Christian Zionists embrace a chilling, apocalyptic vision of vengeance upon the many and salvation for the few. Their angry Jesus looks nothing like the loving, turn-the-other-cheek savior of my Catholic upbringing. 
The basic tenet of Christian Zionism? Global Armageddon will soon be at hand. "They're counting down the hours now, eagerly expecting the implementation of the remaining items on their biblical prophecy agenda, anticipating the thrilling climax of the cosmic story," writes Victoria Clark, author of "Allies for Armageddon: The Rise of Christian Zionism." Jerusalem's Haram al-Sharif, the third holiest site in Islam, would then "be destroyed, and replaced with a new Jewish temple. The completion of that temple … will herald the appearance of an Antichrist who might be a European diplomat or the head of the United Nations.” Eventually, writes Clark, this “will trigger the battle of Armageddon … all non-born-again Christians—including two-thirds of all Jews—who refuse to accept Jesus as their personal savior … will be slain in the conflagration." 

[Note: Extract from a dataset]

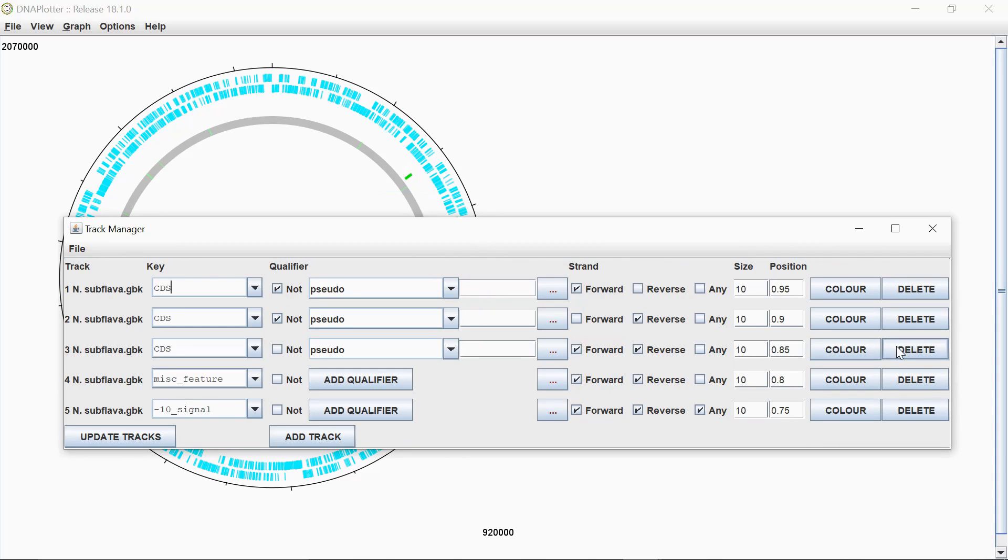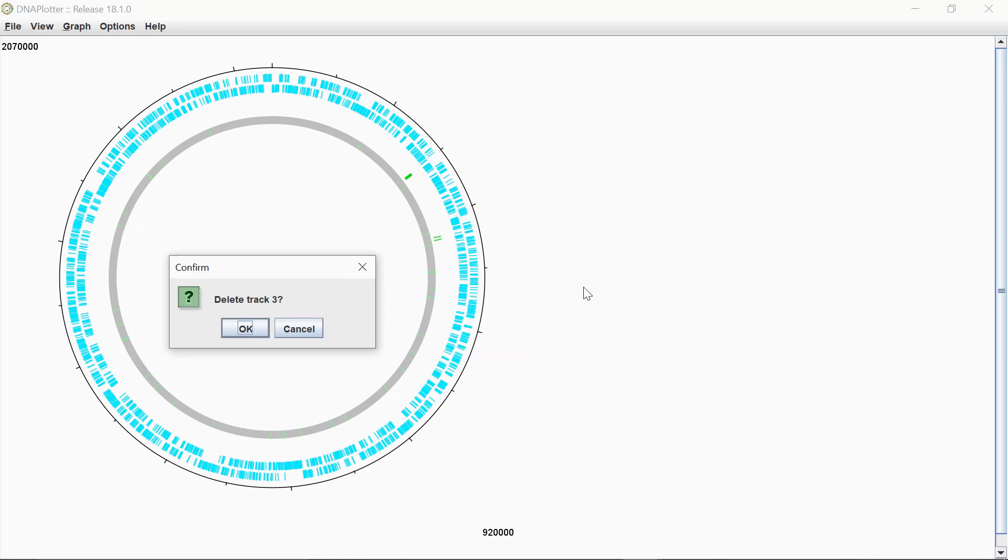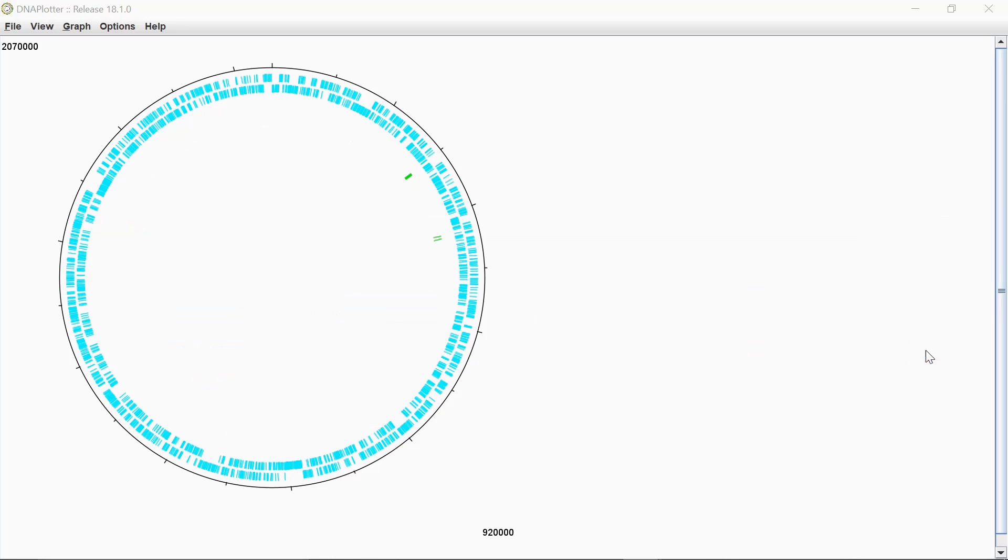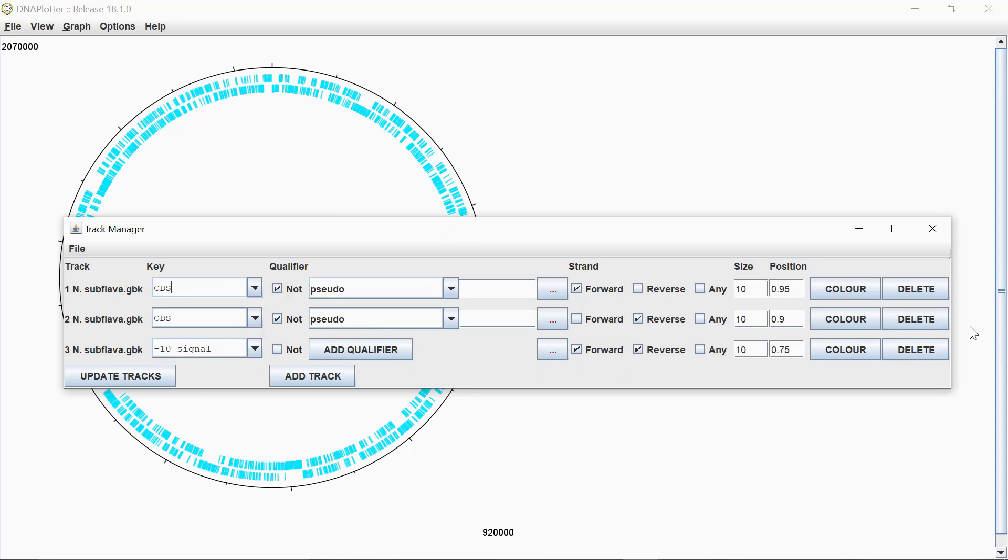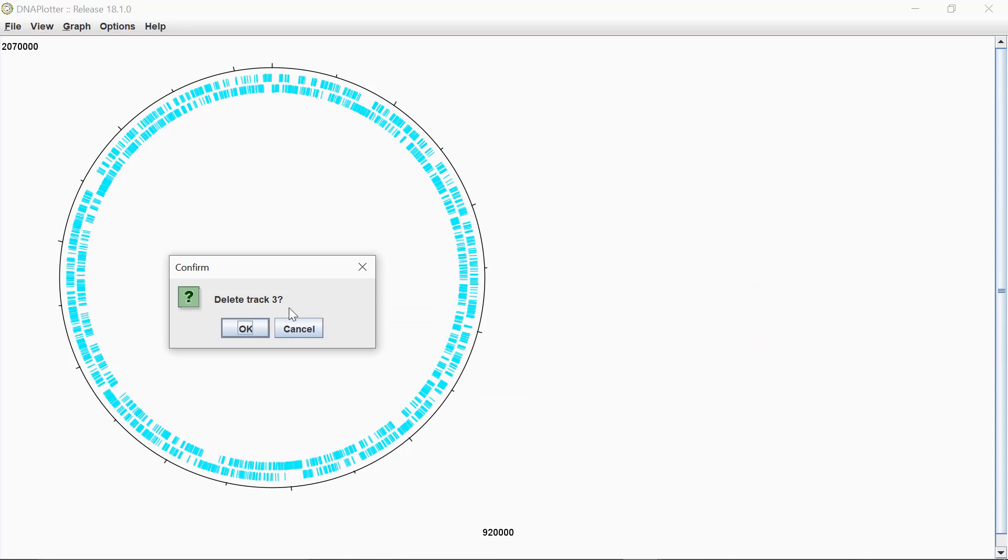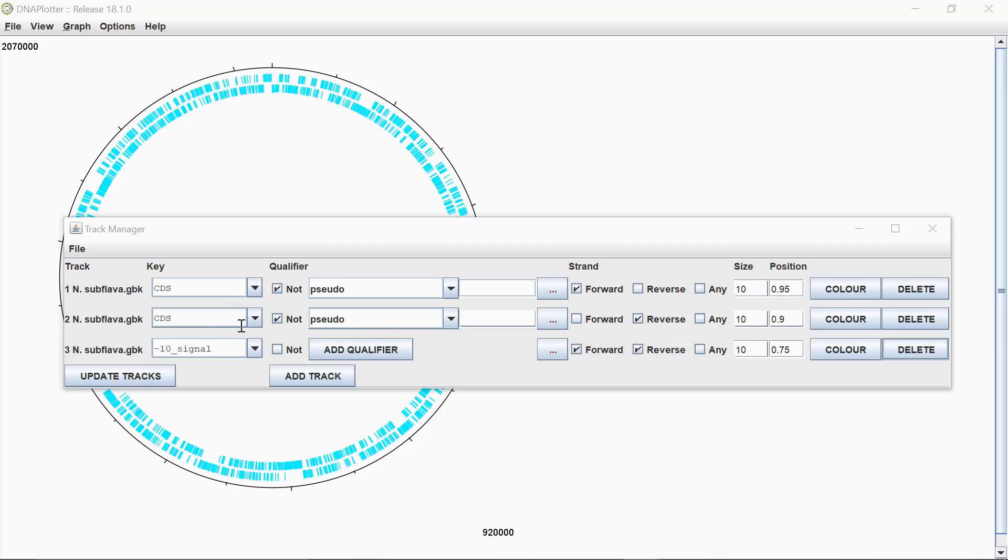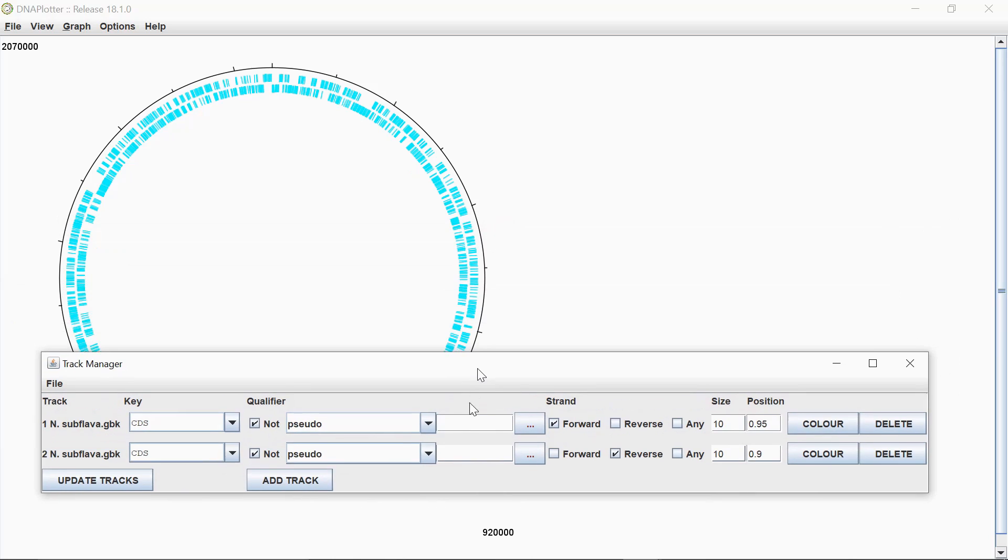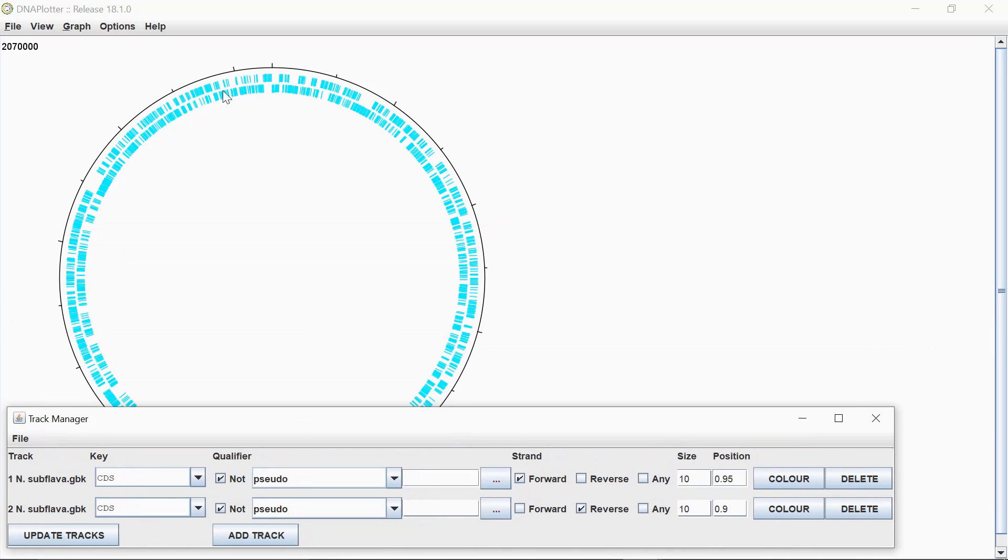I just want to look at the genes on the forward and reverse strand. So I can actually delete some of the tracks that I don't need. So I'm going to delete track three. Here. And here. So what I'm left with now is just an image that looks like this.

And so, my brothers and sisters! Your tax dollars no longer fund a U.S. policy that at least gives lip service to a fair solution of an age-old conflict and a Palestinian state of its own. One, by the way, that would immeasurably ease tensions in the most volatile corner of the planet, help keep American soldiers out of harm’s way and reduce terror attacks on innocent citizens. Instead, we are privileging the foot soldiers in a new holy war—a war in which those of us who aren't among the believers will end up in a lake of fire.

McConnell proclaims how little he cares about the noble-sounding values he once claimed to treasure. "In my view, the last 16 months have been the single best period for conservative values since I came to Washington . . . in 1985," he told the Faith and Freedom Coalition conference of religious conservatives on Friday. "And this is not hyperbole." 
The crowd of Bible-thumping hypocrites — I don't know what else to call them — applauded.

Mother Jones: So, when you look at the future, what do you think the result of the evangelical embrace of Trump will be? 
Rob Schenck: I say in the book that the Trump phenomenon may portend the total collapse of American evangelicalism, which for me would be sad, but not the saddest thing.